The background process invoked by &.
> > Try:
> >
> > trap 'echo killed by SIGALRM; exit 1' ALRM
> >
> > function wait_kill()
> > {
> >sleep 5
> > kill -ALRM $pid
> > }
> >
> > pid=$$
> > wait_kill &
> >
> > sleep 3600
> >
> > --
> > Chris F.A. Johnson,
> > Author:
> > Pro Bash Programming: Scripting the GNU/Linux Shell (2009, Apress)
> > Shell Scripting Recipes: A Problem-Solution Approach (2005, Apress)
> >
>
--
Chris F.A. Johnson,
Author:
Pro Bash Programming: Scripting the GNU/Linux Shell (2009, Apress)
Shell Scripting Recipes: A Problem-Solution Approach (2005, Apress)
Re: Bash cannot kill itself?
Chris F.A. Johnson wrote: $$ refers to the subshell. There's no subshell here, I think. The background process invoked by &. $$ is meant to always report the "main shell", I'd guess this is true for this case, too. J.
Re: Bash cannot kill itself?
On Wed, Jun 30, 2010 at 1:17 PM, Jan Schampera wrote:
> Chris F.A. Johnson wrote:
>
> $$ refers to the subshell.
>>>
>>> There's no subshell here, I think.
>>>
>>
>> The background process invoked by &.
>>
>
> $$ is meant to always report the "main shell", I'd guess this is true for
> this case, too.
>
> Running a cmd in background (by &) would not create subshell. Simple
testing:
#!/bin/bash
function foo()
{
echo $$
}
echo $$
foo &
### END OF SCRIPT ###
The 2 $$s output the same.
> J.
>
>
Re: Bash cannot kill itself?
Clark J. Wang wrote:
Running a cmd in background (by &) would not create subshell. Simple
testing:
#!/bin/bash
function foo()
{
echo $$
}
echo $$
foo &
### END OF SCRIPT ###
The 2 $$s output the same.
This doesn't mean that it doesn't create a subshell. It creates one,
since it can't replace your foreground process.
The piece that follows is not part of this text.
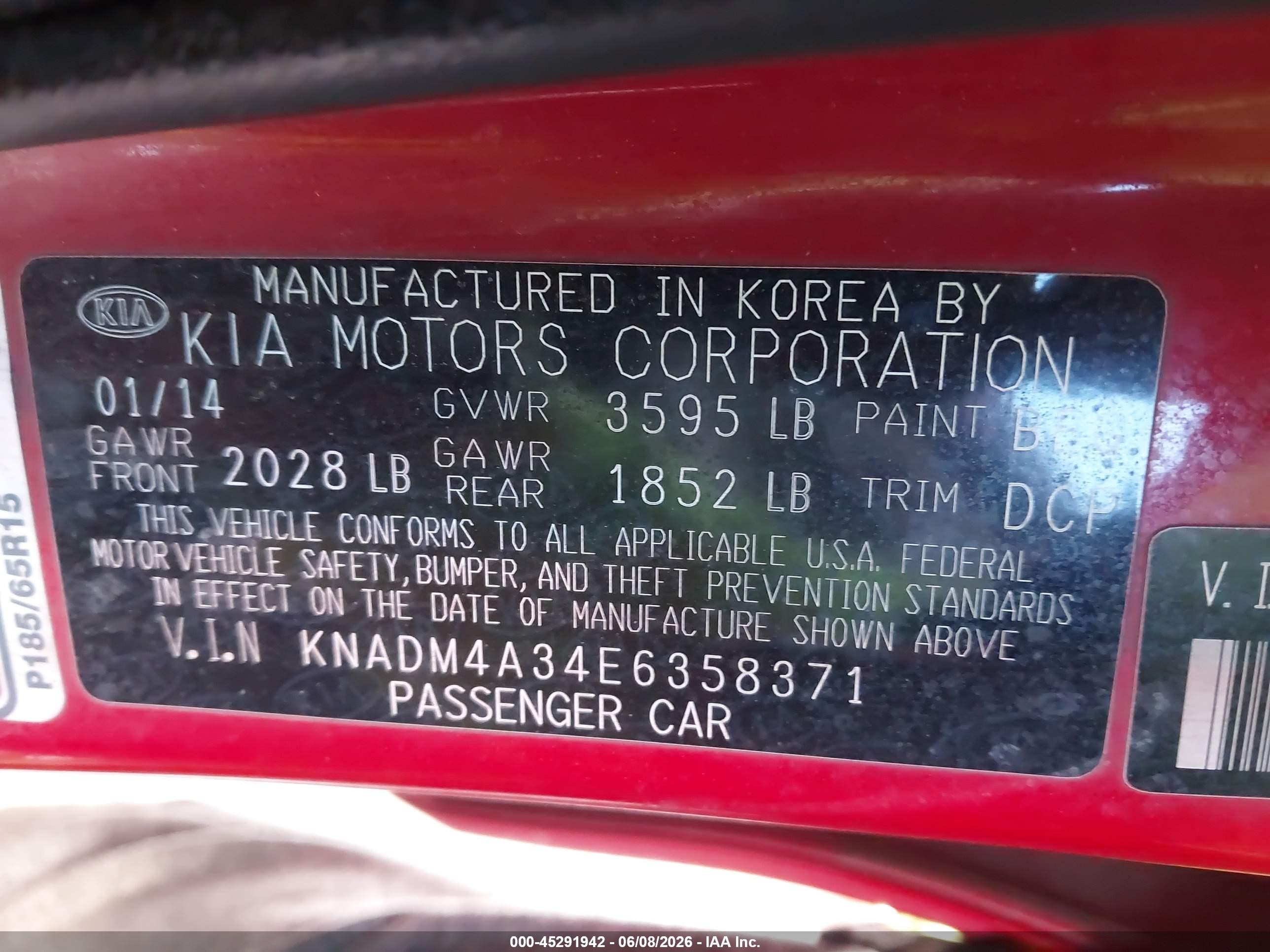 2014 Kia Rio Lx Burgundy vin: KNADM4A34E6358371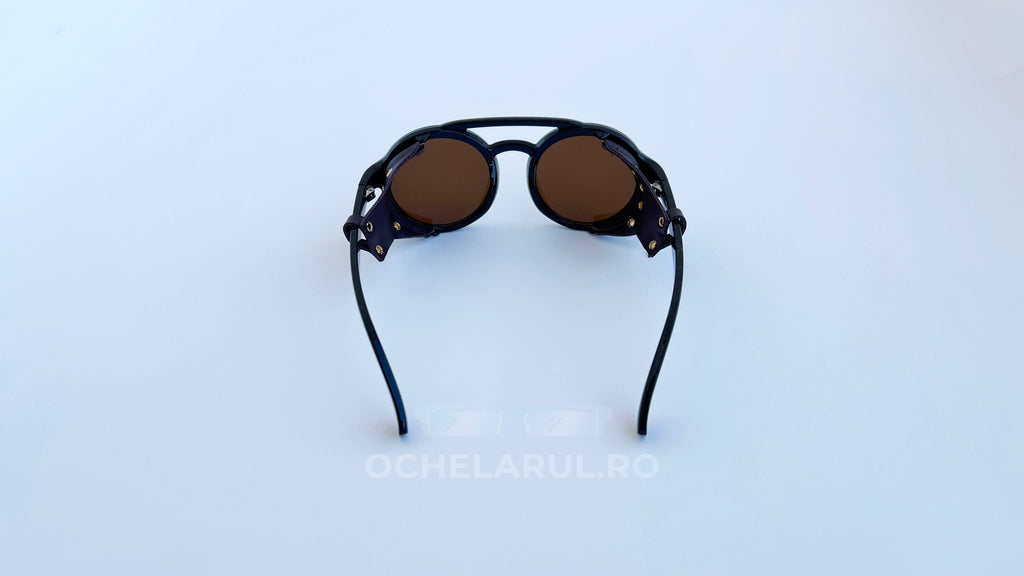 Ochelari de soare Steampunk Rotunzi cu rame negre și lentile maro, design unisex modern pentru bărbați.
It just shows that $$ does what it should do, it reports the relevant
PID of the parent ("main") shell you use. As far as I can see, this
applies to all kinds of subshells like
- explicit ones (...)
- pipeline components
- command substitution
- process substitution
- async shells (like above, running your function)
- ...
J.
Re: Bash cannot kill itself?
On Wed, Jun 30, 2010 at 1:40 PM, Jan Schampera wrote:
> Clark J. Wang wrote:
>
> Running a cmd in background (by &) would not create subshell. Simple
>> testing:
>>
>> #!/bin/bash
>>
>> function foo()
>> {
>>echo $$
>> }
>>
>> echo $$
>> foo &
>>
>> ### END OF SCRIPT ###
>>
>> The 2 $$s output the same.
>>
>
> This doesn't mean that it doesn't create a subshell. It creates one, since
> it can't replace your foreground process.
>
> This makes sense.
It just shows that $$ does what it should do, it reports the relevant PID of
> the parent ("main") shell you use.
Then what's the problem with my script in my original mail? Seems like Bash
does not handle the signal in a real-time way.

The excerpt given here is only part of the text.